The biggest win was the House, a victory made all the more remarkable given the drubbing Republicans absorbed at the hands of Democrats in 2006 and again in 2008.

The takeaways came in bunches - five Democratic-held seats each in Pennsylvania and Ohio and three in Florida and Virginia.

Democrats conceded nothing while they still had a chance. "Let's go out there and continue to fight," Speaker Nancy Pelosi exhorted supporters in remarks before television cameras while the polls were still open in much of the country.

But not long after she spoke, Democratic incumbents in both houses began falling, and her own four-year tenure as the first female speaker in history was doomed.

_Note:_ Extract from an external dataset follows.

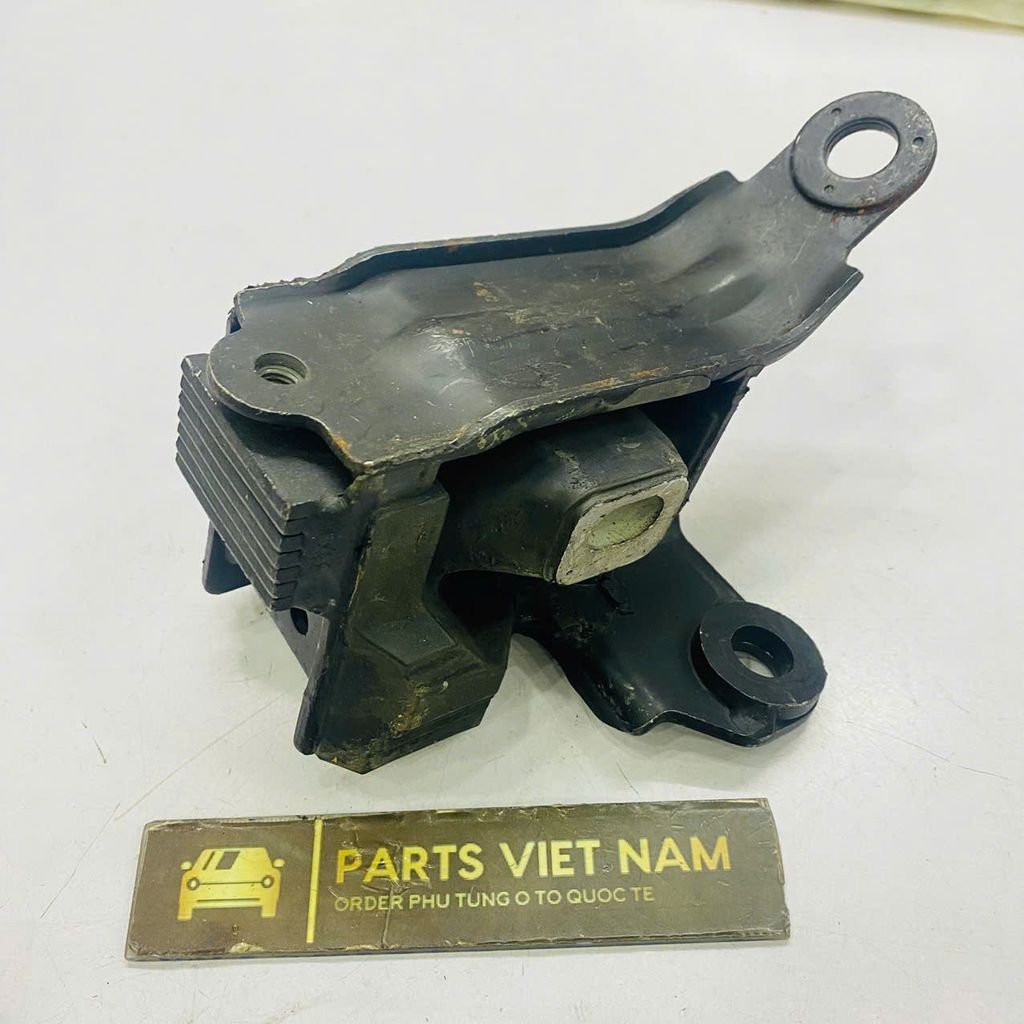 Cao su chân máy số 4 hay chân hộp số Mazda 2 đời 2014 - 2019. Hàng xịn Mazda. Mã DA6V39070B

She gave no indication of her own plans.

Sen.-elect Paul, appearing Tuesday night before supporters in Bowling Green, Ky., declared, "We've come to take our government back."

About four in 10 voters said they were worse off financially than two years ago, according to preliminary exit poll results and pre-election surveys. More than one in three said their votes were an expression of opposition to Obama. More than half expressed negative views about both political parties. Roughly 40 percent of voters considered themselves supporters of the conservative tea party movement. Less than half said they wanted the government to do more to solve problems.

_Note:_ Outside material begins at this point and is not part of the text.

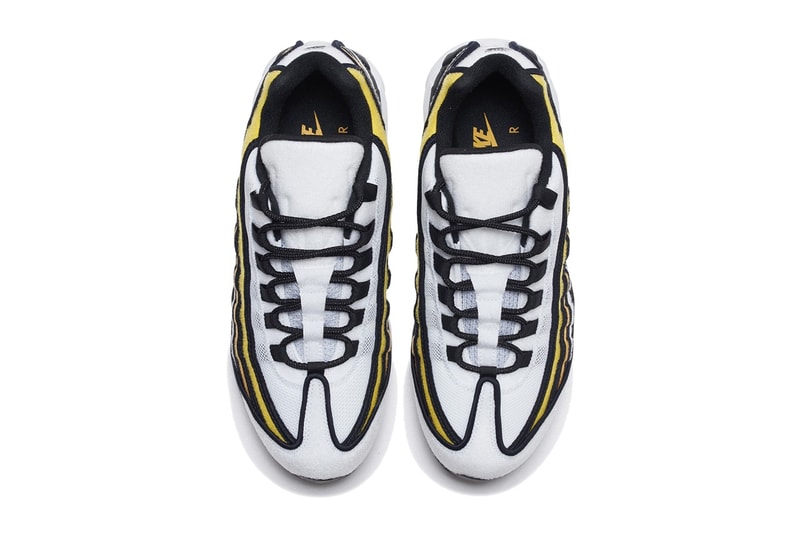 Air Max : Une paire avec un swoosh entièrement à fleurs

Republicans were certain of at least six Senate pickups, including the seat in Illinois that Obama resigned to become president. Rep. Mark Kirk won there, defeating Alexi Giannoulias.

Democratic Sens. Russell Feingold in Wisconsin and Blanche Lincoln in Arkansas were turned out of office.

In addition, Republicans scored big in races for Democratic seats without incumbents on the ballot. Former Rep. Pat Toomey won a close race in Pennsylvania, North Dakota Gov. John Hoeven won easily there, and former Sen. Dan Coats breezed in a comeback attempt for the Indiana seat he voluntarily gave up a dozen years ago.

"Republicans will continue to stand up for the American people and for the priorities they voted for today, and we are hopeful that the administration and Democrat leaders will change course," Republican Senate leader Mitch McConnell said in a written statement.

Democrats averted deeper losses when Gov. Joe Manchin won in West Virginia - after pointedly distancing himself from Obama - for the unexpired portion of the late Sen. Robert C. Byrd's term, and Attorney General Richard Blumenthal was victorious in Connecticut, dispatching Linda McMahon, former CEO of World Wrestling Entertainment. Sen. Barbara Boxer was elected to a fourth term in California, overcoming a challenge from Carly Fiorina.

The GOP gubernatorial gains came after a campaign in which their party organization spent more than $100 million, nearly double what Democrats had.

Among the incumbents who fell were Ted Strickland in Ohio, defeated by former Rep. John Kasich, and Chet Culver in Iowa, loser to former Gov. Terry Branstad.